Exercise :: Would you print, word for word, only the lines running from the line with "22.06.2025 - Viking" to the last line of the entries, without the pictures?

Records to process ::
* * * * * * *

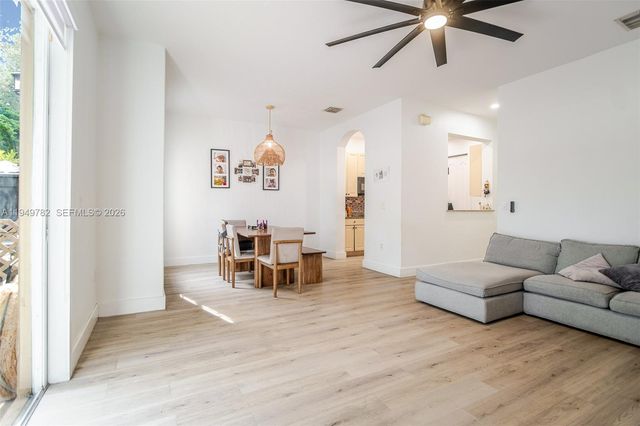 4414 Morgan Ln, Davie, FL 33328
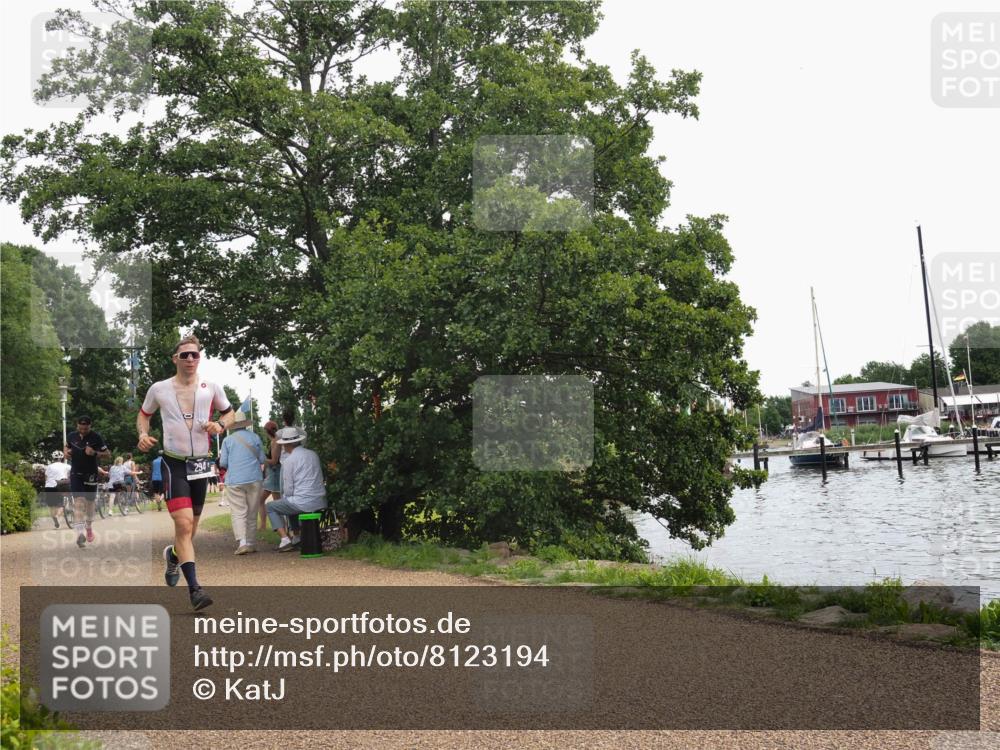 22.06.2025 - Viking Triathlon KatJ http://msf.ph/oto/8123194 22.06.2025 13:36:45 Laufen 54, 294 meine-sportfotos.de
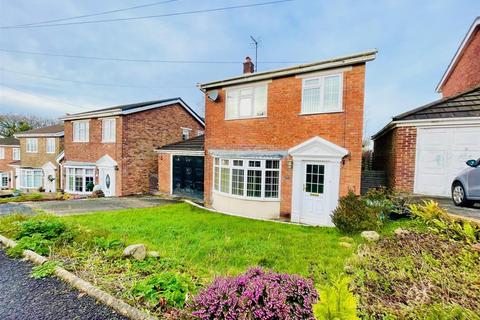 3 bedroom detached house for sale, Hilltop, Llanelli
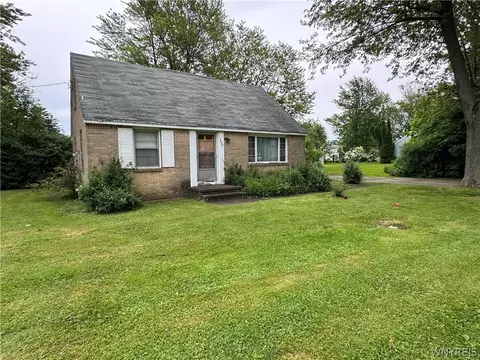 2680 Riverton Ave, Hamburg, NY 14075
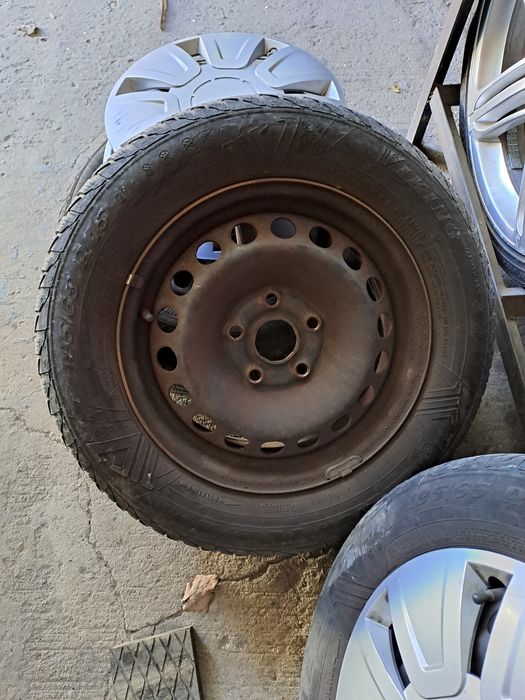 Vând jenti tabla, cu anvelope iarna, capace roti și prezoane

* * * * * * *

Result of the task ::
 22.06.2025 - Viking Triathlon KatJ http://msf.ph/oto/8123194 22.06.2025 13:36:45 Laufen 54, 294 meine-sportfotos.de
 3 bedroom detached house for sale, Hilltop, Llanelli
 2680 Riverton Ave, Hamburg, NY 14075
 Vând jenti tabla, cu anvelope iarna, capace roti și prezoane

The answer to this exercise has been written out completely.